Exercise brief =
Output the records below verbatim, minus the pictures.
○ ○ ○
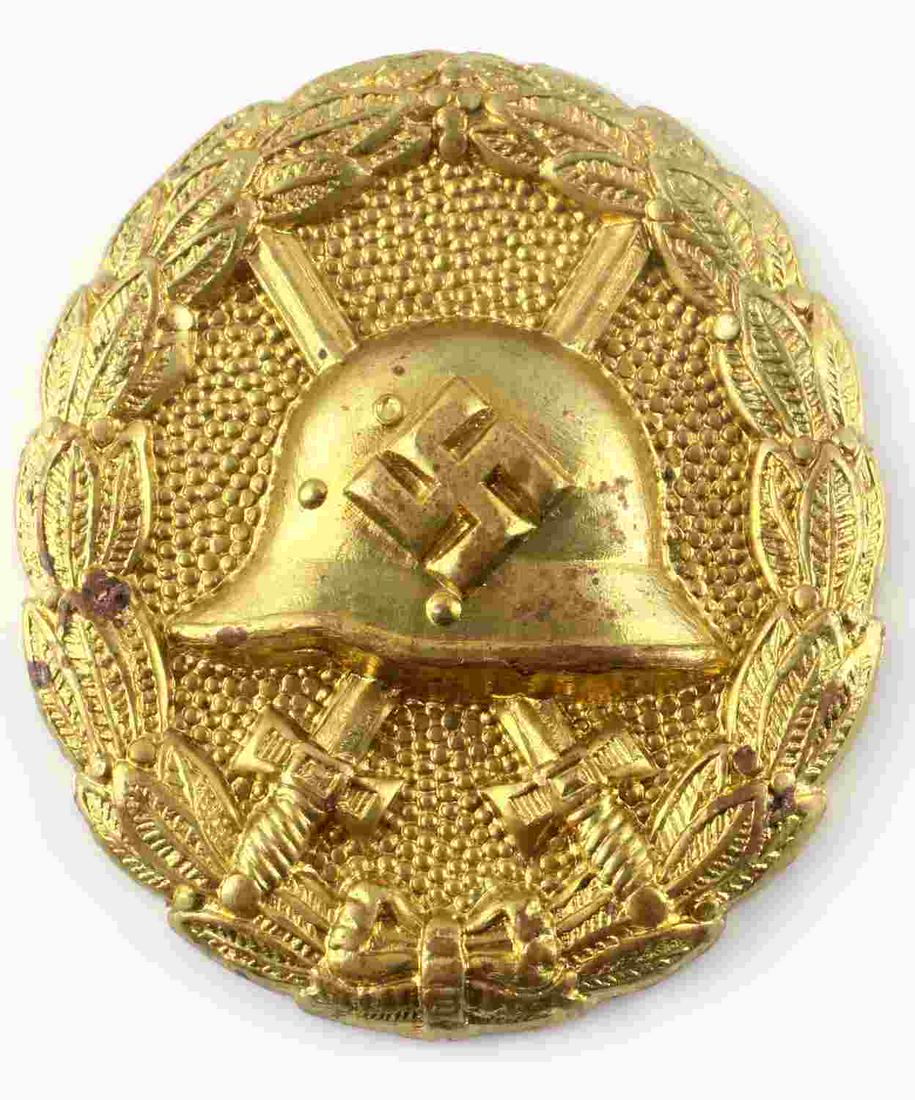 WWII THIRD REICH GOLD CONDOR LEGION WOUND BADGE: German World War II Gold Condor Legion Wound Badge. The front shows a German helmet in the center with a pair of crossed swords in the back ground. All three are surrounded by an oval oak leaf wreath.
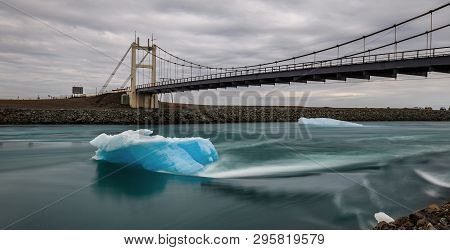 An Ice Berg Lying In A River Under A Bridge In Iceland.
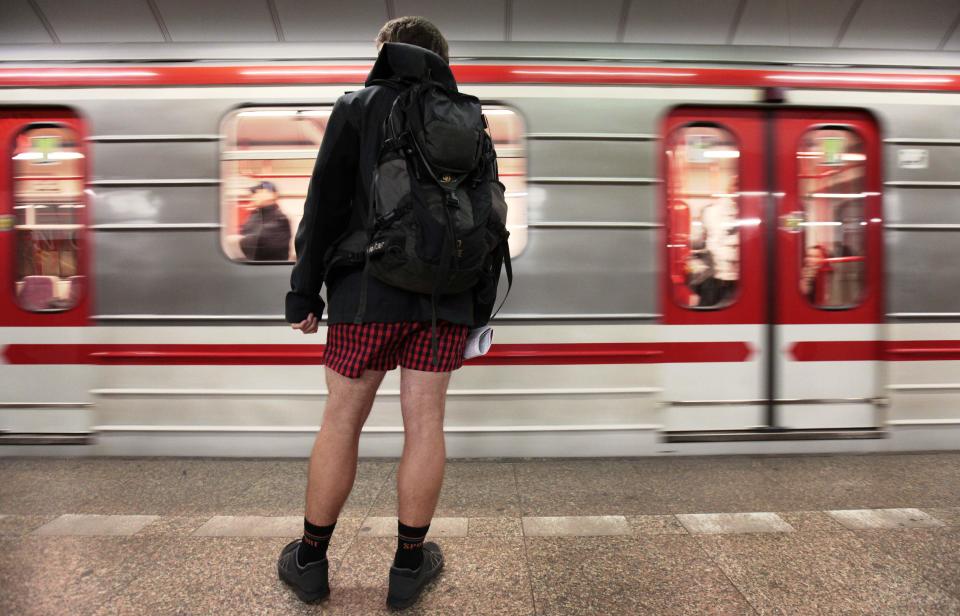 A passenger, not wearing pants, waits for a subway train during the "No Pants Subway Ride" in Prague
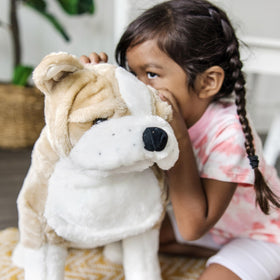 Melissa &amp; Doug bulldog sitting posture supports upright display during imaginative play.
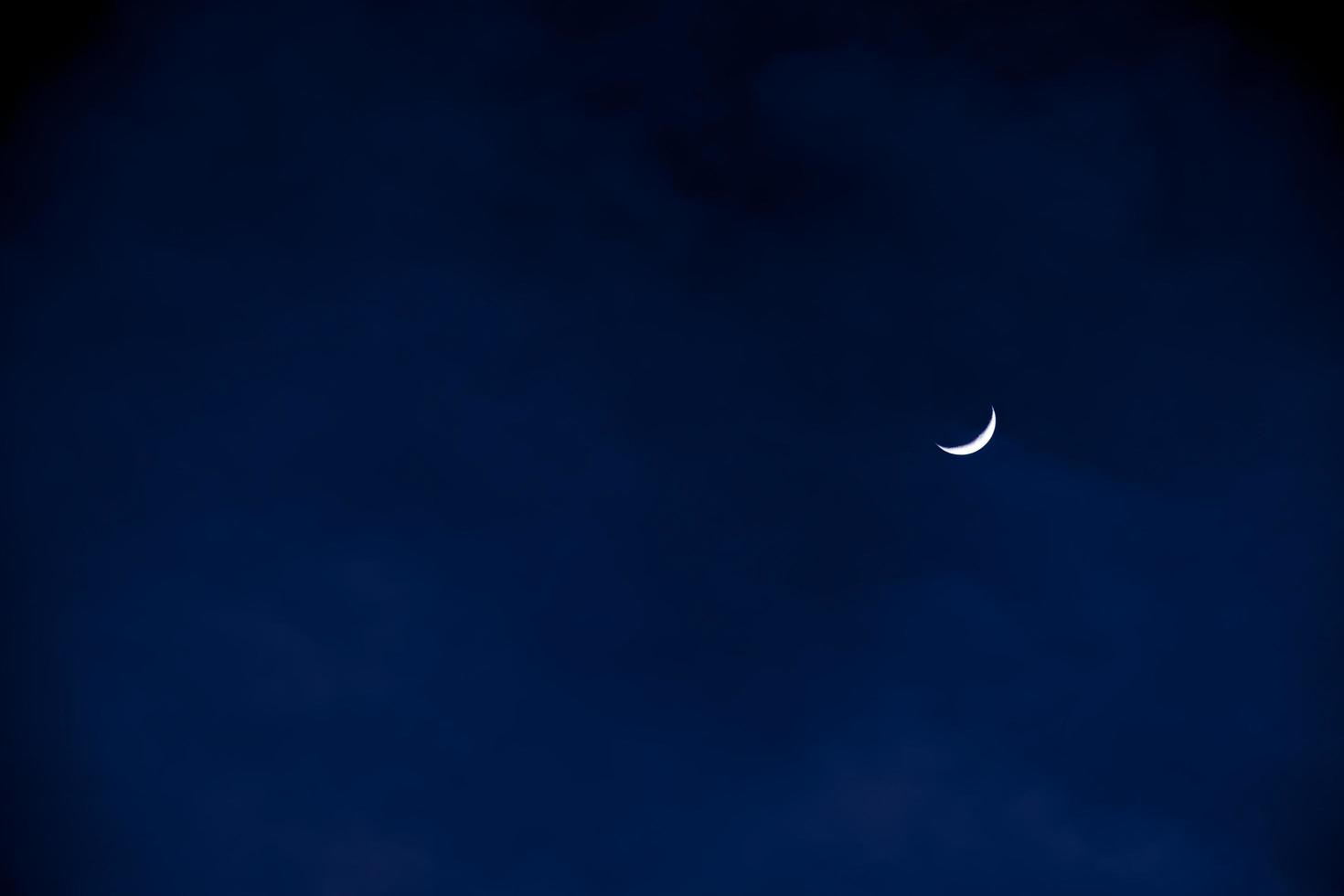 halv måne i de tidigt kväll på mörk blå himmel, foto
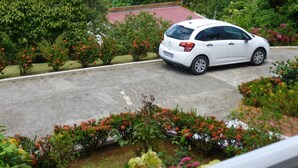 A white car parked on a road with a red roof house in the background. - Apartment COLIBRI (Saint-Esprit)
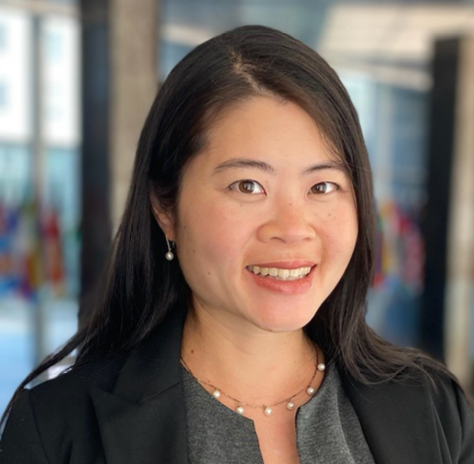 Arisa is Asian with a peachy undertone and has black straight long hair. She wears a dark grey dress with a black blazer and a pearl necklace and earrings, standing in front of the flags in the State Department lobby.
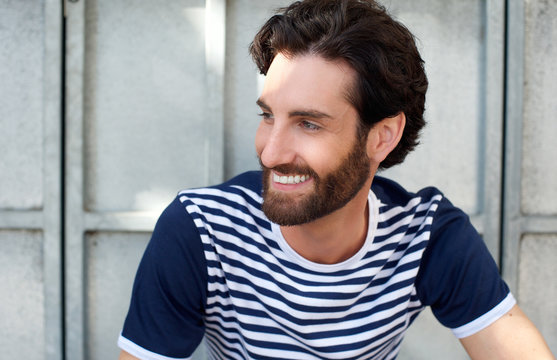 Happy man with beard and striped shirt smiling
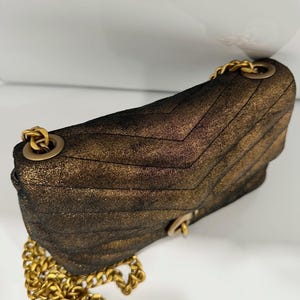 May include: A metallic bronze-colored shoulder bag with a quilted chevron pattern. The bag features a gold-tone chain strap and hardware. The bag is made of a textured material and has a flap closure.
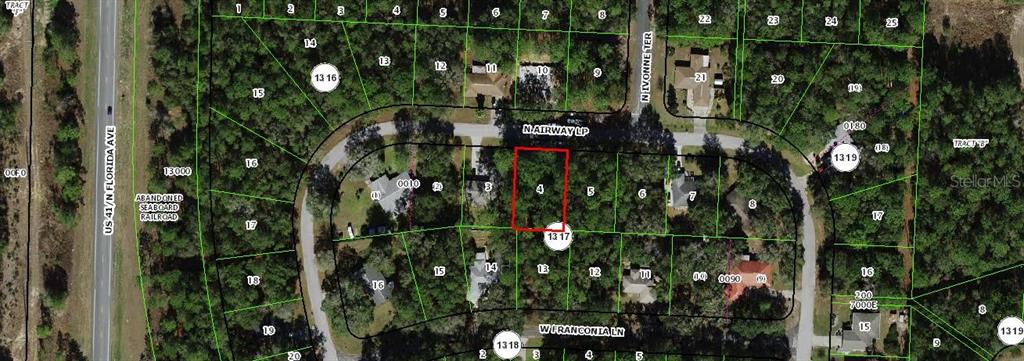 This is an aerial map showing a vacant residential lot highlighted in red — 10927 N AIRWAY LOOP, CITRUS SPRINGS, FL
○ ○ ○
Task result =
 WWII THIRD REICH GOLD CONDOR LEGION WOUND BADGE: German World War II Gold Condor Legion Wound Badge. The front shows a German helmet in the center with a pair of crossed swords in the back ground. All three are surrounded by an oval oak leaf wreath.
 An Ice Berg Lying In A River Under A Bridge In Iceland.
 A passenger, not wearing pants, waits for a subway train during the "No Pants Subway Ride" in Prague
 Melissa &amp; Doug bulldog sitting posture supports upright display during imaginative play.
 halv måne i de tidigt kväll på mörk blå himmel, foto
 A white car parked on a road with a red roof house in the background. - Apartment COLIBRI (Saint-Esprit)
 Arisa is Asian with a peachy undertone and has black straight long hair. She wears a dark grey dress with a black blazer and a pearl necklace and earrings, standing in front of the flags in the State Department lobby.
 Happy man with beard and striped shirt smiling
 May include: A metallic bronze-colored shoulder bag with a quilted chevron pattern. The bag features a gold-tone chain strap and hardware. The bag is made of a textured material and has a flap closure.
 This is an aerial map showing a vacant residential lot highlighted in red — 10927 N AIRWAY LOOP, CITRUS SPRINGS, FL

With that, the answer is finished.